◆ **WHAT NEEDS TO BE DONE**: Nothing but the lines from the one containing "Coral Red Brown" through the end of the data below should appear in the answer, each exact and free of pictures.

◆ **GIVEN DATA**:
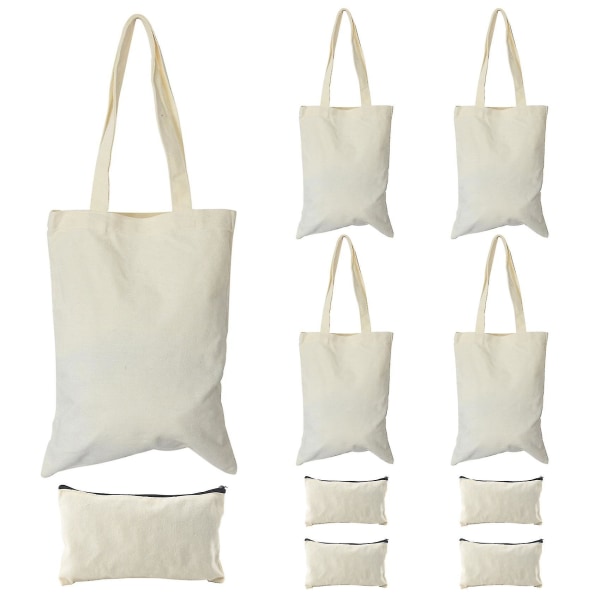 Lerret blyantveske tote vesker sett, diy håndverk tomme sminkevesker (beige)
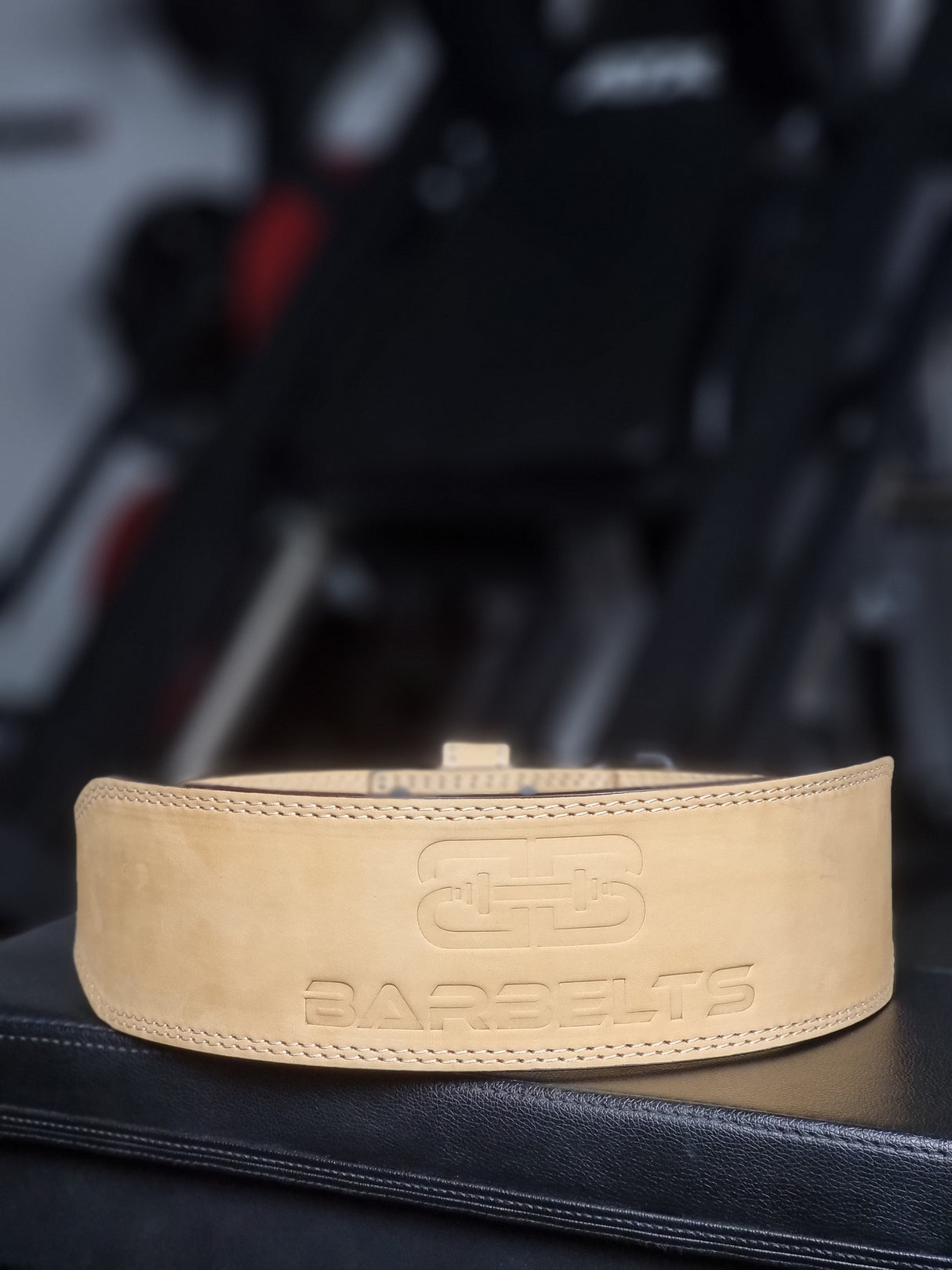 Barbelts Weightlifting Belt Sand - Fully made of leather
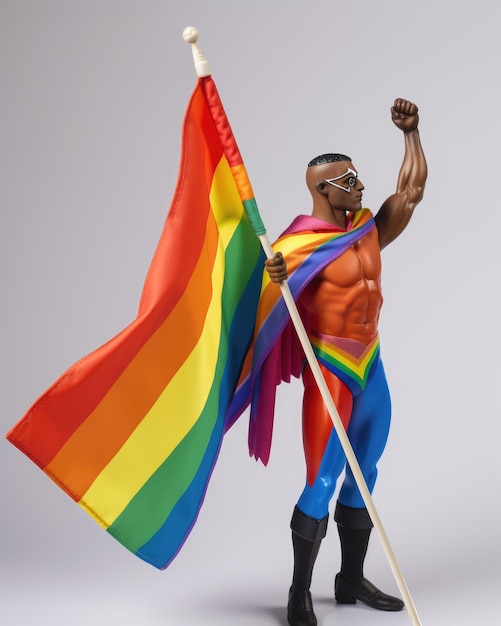 An action figure holding a flag with the LGBTQIA colors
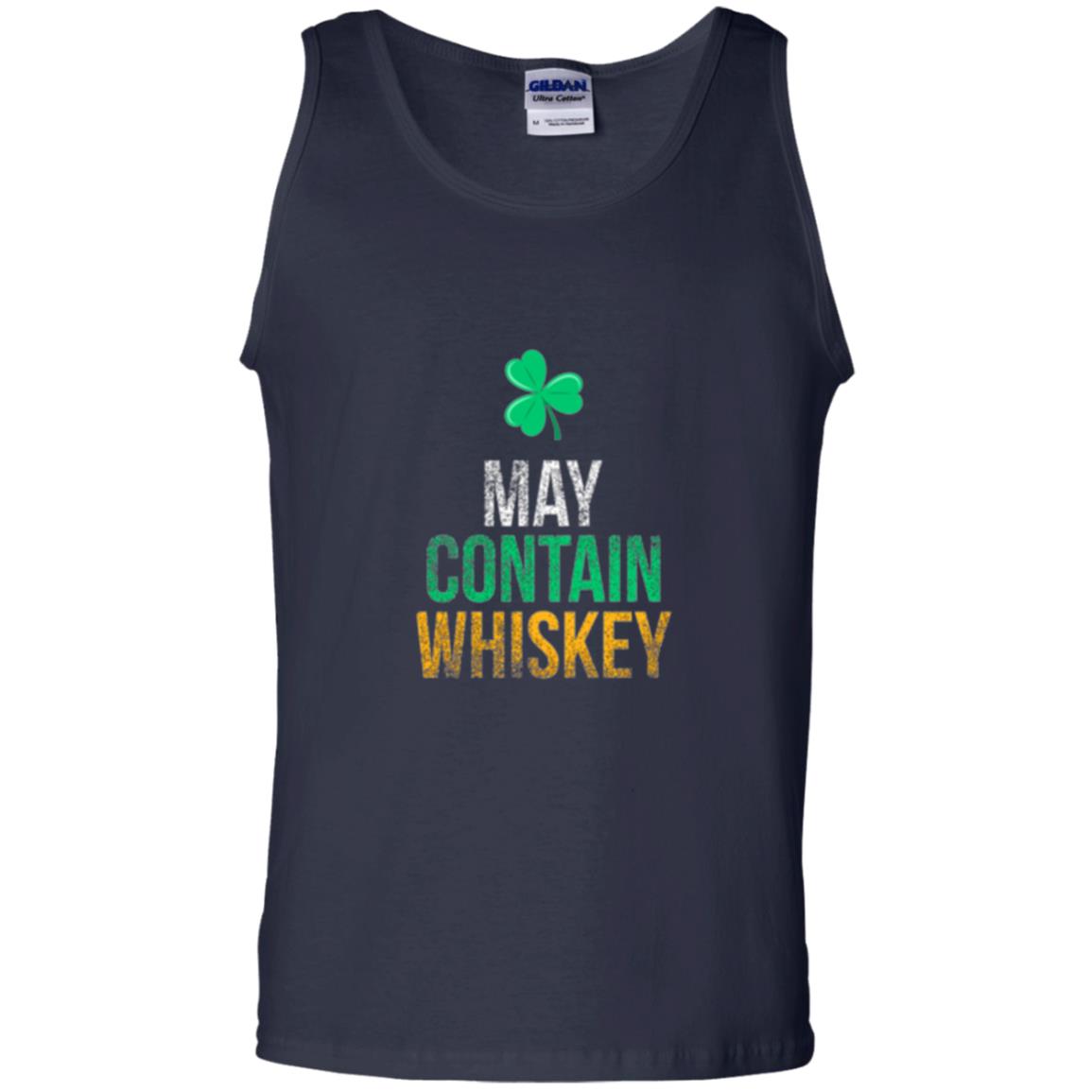Funny St. Patricks Day T-shirt May Contain Whiskey Navy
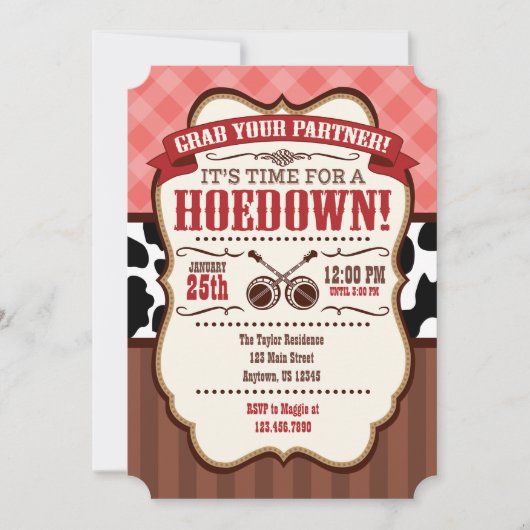Coral Red Brown Hoedown Party Kaart (Voorkant)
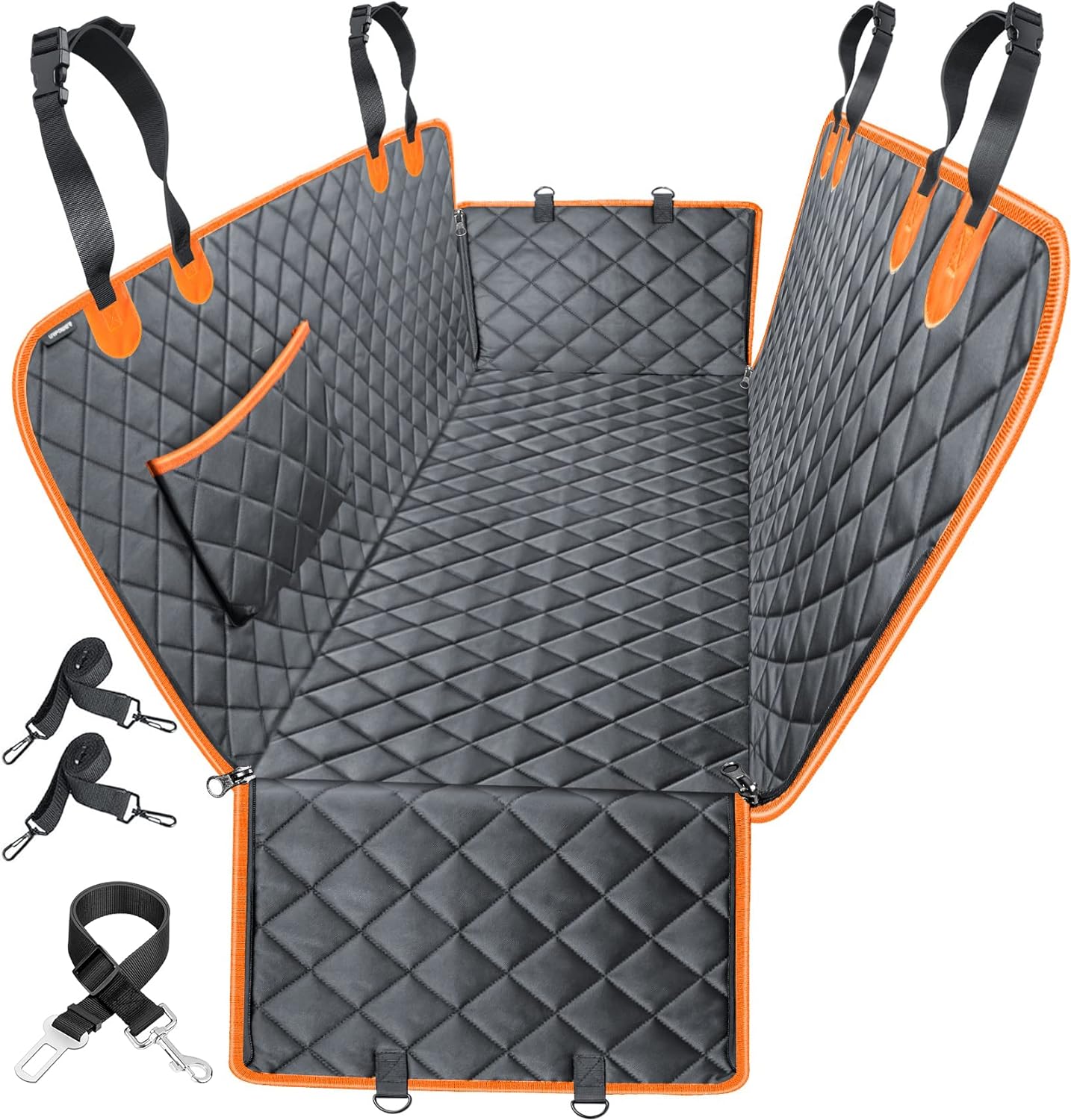 Dog Car Seat Cover for Pets 100% Waterproof Seat Cover Hammock 600D Heavy Duty Scratch Proof Nonslip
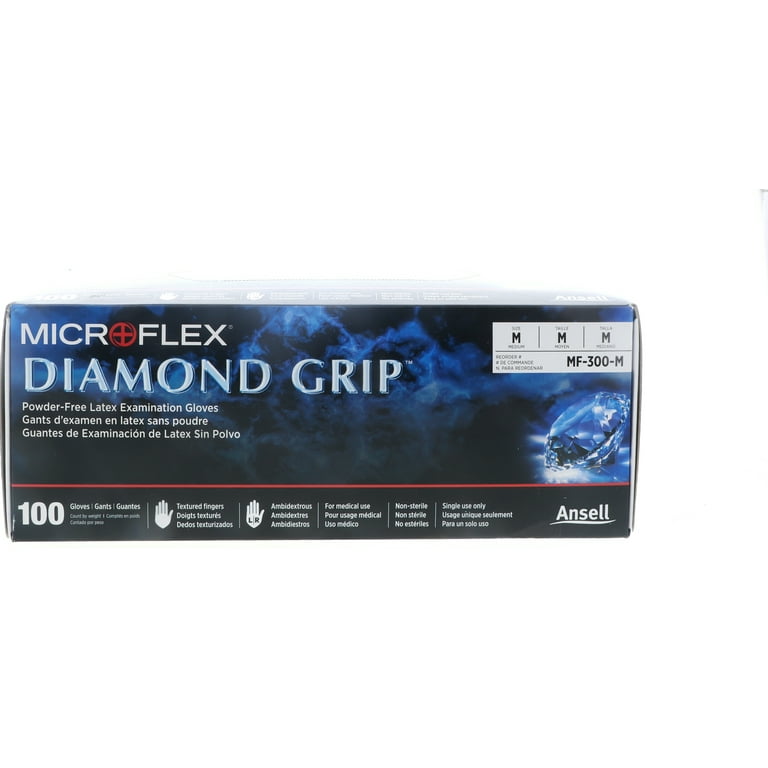 Microflex 748-MF-300-M Diamond Grip Pf Latex Examination Glove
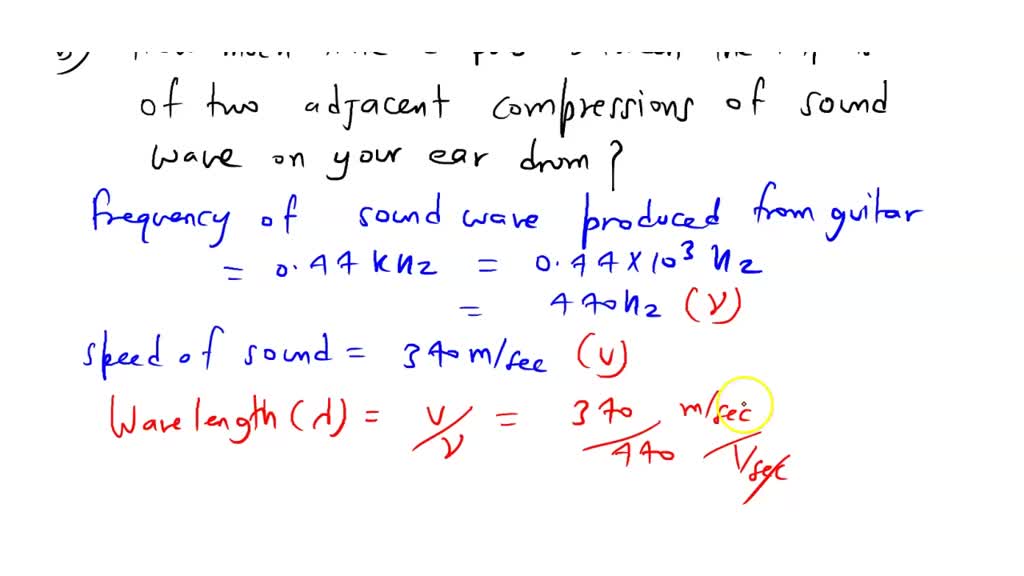 SOLVED A plucked guitar string produces a sound wave of frequency 0.50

◆ **ANSWER TO THIS TASK**:
Coral Red Brown Hoedown Party Kaart (Voorkant)
 Dog Car Seat Cover for Pets 100% Waterproof Seat Cover Hammock 600D Heavy Duty Scratch Proof Nonslip
 Microflex 748-MF-300-M Diamond Grip Pf Latex Examination Glove
 SOLVED A plucked guitar string produces a sound wave of frequency 0.50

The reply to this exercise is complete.